Last week the Justice Department took an important step toward clearing up the confusion. In the first major revision of antitrust guidelines since 1968, Attorney General William French Smith released a 44-page document designed to help businessmen determine whether a merger or takeover effort is likely to be challenged by the Government.
If nothing else, the new rules should prevent some wasted effort in takeover battles. Since 1979, American businesses have spent $182 billion to merge with or acquire other firms. Companies, though, often complete a deal only to have Washington veto it as anticompetitive. Last year Mobil Corp. announced plans to spend an estimated $6.5 billion in what eventually turned out to be a futile struggle to acquire Marathon Oil Co. The takeover was blocked in federal court because it was decided that such a merger would have an adverse effect on competition in gasoline retailing in the Midwest.
The biggest single change in the new guidelines deals with the way markets are to be measured and how the concentration of a market is judged. Says Lawrence J. White, director of the economic policy office of the Justice Department: "Our concern here is with mergers that would tend to have an anticompetitive effect. If the effect is not significant, the merger would not fall within the boundaries of our interest."
To judge what is "significant," the guidelines use the so-called Herfindahl index, a mathematical formula developed by the late Orris C. Herfindahl, a Washington economist. Traditionally, antitrust lawyers have relied on a rule-of-thumb approach. It was believed that the Justice Department would permit any mergers that did not concentrate 75% or more of a particular market in the hands of four or fewer companies. The Herfindahl index sets up a clearer, although more complex, set of guidelines.
Calculating the index sounds difficult, but is really quite easy. The formula is applied by adding together the sum of the mathematical squares of every company's market share in a particular industry or business. For example, if five companies each have 20% of a market, the Herfindahl index for that market would be 2,000. A merger of two of those companies, though, would automatically push the index to 2,800, and the 800-point increase would almost certainly provoke a challenge under the new guidelines. By contrast, the index for a market in which 20 companies each have 5% of the business would total 500. A merger between two of them would increase the index to only 550, an acceptable limit.
Though Reagan Administration critics quickly attacked the new rules as too lenient to Big Business, there seems little likelihood that the regulations will unleash a new wave of Wall Street merger mania. They actually just put down in a more formal fashion the policy followed by the Reagan Administration during the past year and a half.

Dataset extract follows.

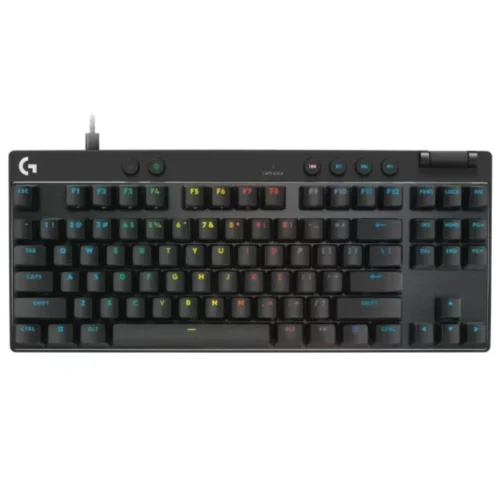 Teclado Gamer Magnético Logitech PRO X TKL Rapid Black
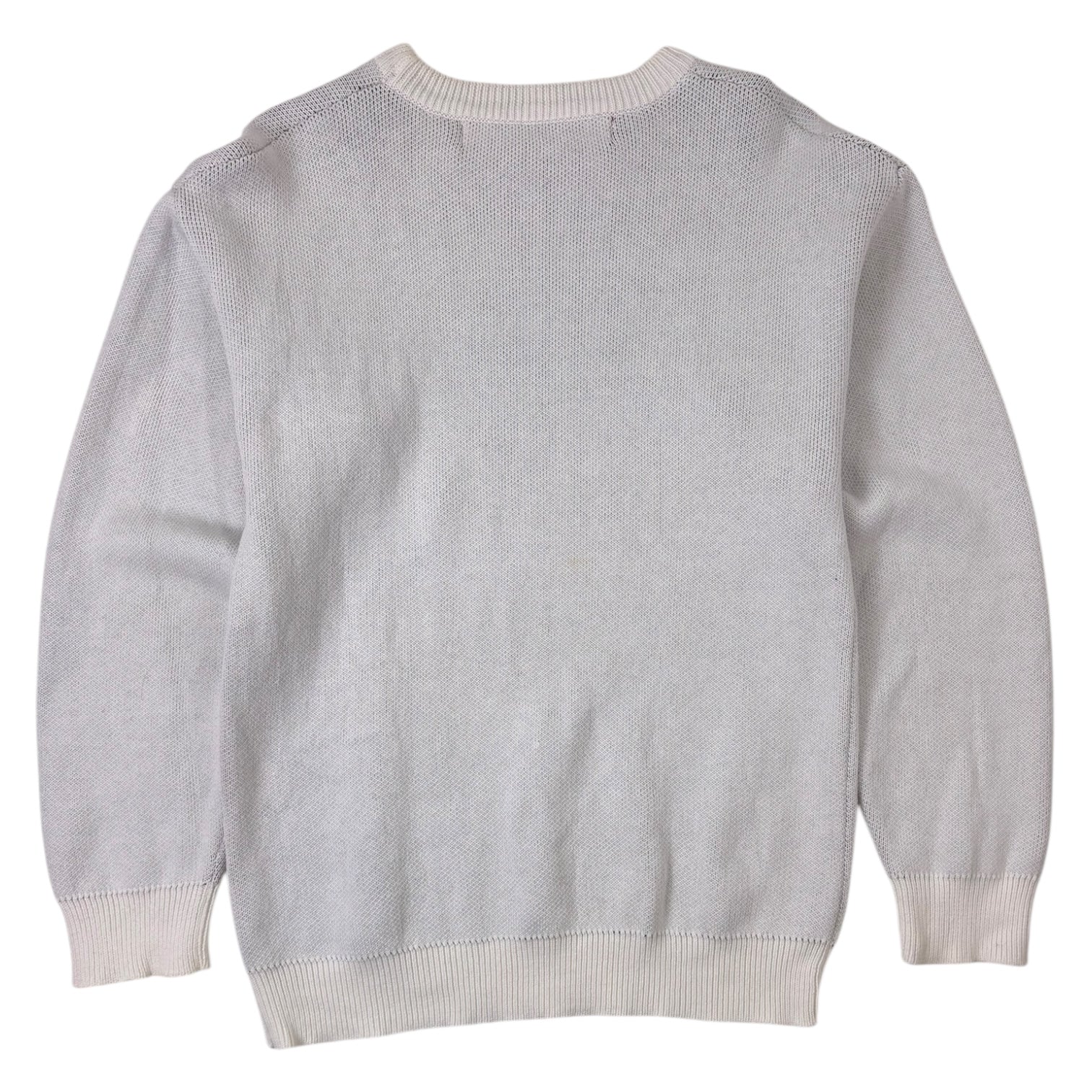 Joy Divizn Fight Club Tyler Durden Knit Sweater White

In fact, last week, even as the new regulations were going into effect, the Justice Department announced that it would move to block the G. Heileman Brewing Co. of La Crosse, Wis., from acquiring Pabst Brewing of Milwaukee. It was the second time in the past year that the department had refused to permit Heileman, the fourth largest American brewer, to take over another beer company. In October, Washington stopped its drive to acquire the Jos. Schlitz Brewing Co. Last week the Justice Department ruled against Heileman's offer to pay $24 per share for Pabst, the fifth largest U.S. brewer. While the Reagan White House is more amenable to mergers than the past few Administrations, not all takeovers can count on its blessing. After the publication of the merger guidelines last week, the rules of the game will now be a little clearer.